¹School of Life Science and Technology, Wuhan Polytechnic University, Wuhan, China
²State Key Laboratory of Biocatalysis and Enzyme Engineering, School of Life Sciences, Hubei University, Wuhan, China
³Department of Biological Sciences, Pwani University, Kilifi, Kenya

Lotus (Nelumbo nucifera Gaertn.), an important aquatic plant in horticulture and ecosystems, has been cultivated for more than 7000 years and domesticated into three different subgroups: flower lotus, rhizome lotus, and seed lotus. To explore the domesticated regions of each subgroup, re-sequencing data of 371 lotus accessions collected from the public database were aligned to the genome of ‘China-Antique (CA)’. Unmapped reads were used to build the dispensable genome of each subgroup using a metagenome-like assembly strategy. More than 27 Mb of the dispensable genome in these three subgroups and the wild group was assembled, of which 11,761 genes were annotated. Some of the contigs in the dispensable genome were similar to the genomic segments of other lotus accessions other than ‘CA’. The annotated genes in each subgroup played essential roles in specific developmental processes. Dissection of selective signals in three cultivated subgroups also demonstrated that subgroup-specific metabolic pathways, such as the brassinosteroids metabolism enrichment in FL, associated with these selected genes in each subgroup and the contigs in dispensable genome nearly located in the domesticated regions of each subgroup, respectively. Our data presented a valuable resource for facilitating lotus genomic studies, complemented the helpful information to the reference genome, and shed light on the selective signals of domesticated subgroups.

1 Introduction

It has been well-recognized that horticultural plants, including vegetables, fruits, and ornamentals, are important for humans. Unlike crops, horticultural plants are much more diverse, and each species has unique biological features. Among the horticultural plants, lotus (Nelumbo nucifera Gaertn.) is widely used as a vegetable, medicinal herb, and ornamental, and might be the most crucial aquatic vegetable. Apart from its importance, lotus is also valuable in understanding the phylogeny of eudicot since it belongs to the Nelumbonaceae family, Nelumbo genus, which occupies a critical phylogenetic position. Because of its wide usage, lotus has been domesticated and cultivated for a long history and endowed with religious and cultural symbols (Guo, 2009). It also contains some unique biological features, such as seed longevity, lotus effect (self-cleaning), and thermogenesis of blossom, which are worth studying.

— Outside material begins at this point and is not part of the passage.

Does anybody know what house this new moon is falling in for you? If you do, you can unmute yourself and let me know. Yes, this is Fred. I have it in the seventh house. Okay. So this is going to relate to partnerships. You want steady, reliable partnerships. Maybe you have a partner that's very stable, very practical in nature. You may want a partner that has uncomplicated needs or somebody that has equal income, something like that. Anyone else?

Different subgroups have been formed through long-term natural and artificial directional selection. They have representative economic traits, of which rhizome lotus is mainly for harvesting edible enlarged rhizomes, seed lotus mainly harvests lotus seeds, and flower lotus is mainly used for ornamental purposes. It is interesting to reveal the genomic regions related to the characteristics of different subgroups. Several studies have identified genome differentiation through population analysis and identified the selective regions that contributed to each subgroup (Li et al., 2020; Liu et al., 2020). Using high-quality reference genomes can improve the accuracy and reliability of variation detection. In addition, revealing the domestication and evolution selection mechanism from wild lotus to cultivated lotus is of great significance for targeted breeding.

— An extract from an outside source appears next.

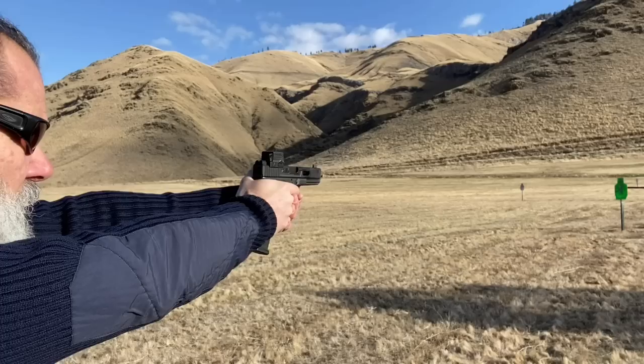The battery life on these optics is phenomenal. They range from 50,000 hours on some versions all the way to 100,000 to 200,000 hours on some of the other versions.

Currently, ‘China Antique (CA)’ has three versions of the reference genome (CA v1, Ming et al., 2013; CA v2, Shi et al., 2020; CA v3, Qi et al., 2023). Genomes of a seed lotus cultivar ‘Taikonglian No. 3’ (TK) (Zheng et al., 2022a) as well as American lotus (Zheng et al., 2022b), are also well assembled. Each genome type has extremely unique genetic traits, and therefore, one single reference genome cannot fully reflect the complete genetic information of the species, especially in studying different subgroups within the same species. The pan-genomic study can obtain complete variation information which has been conducted in many species (Li et al., 2010b; Marroni et al., 2014; Gao et al., 2019; Bayer et al., 2020; Bian et al., 2021; Qin et al., 2021; Tang et al., 2022; Zhou et al., 2022). Considering the cost, a dispensable genome assembly strategy using low-coverage population sequencing data was successfully applied to rice (Yao et al., 2015). Identified the sequences absent from the reference genome and proved to be an essential part of the rice genome, which controls pivotal agronomic traits in rice. Although selection signals of different subgroups of lotus were identified in a re-sequencing population (Huang et al., 2018; Li et al., 2020; Liu et al., 2020), few studies have been conducted to investigate the specific genomes associated with rhizome, seed, and flower lotus.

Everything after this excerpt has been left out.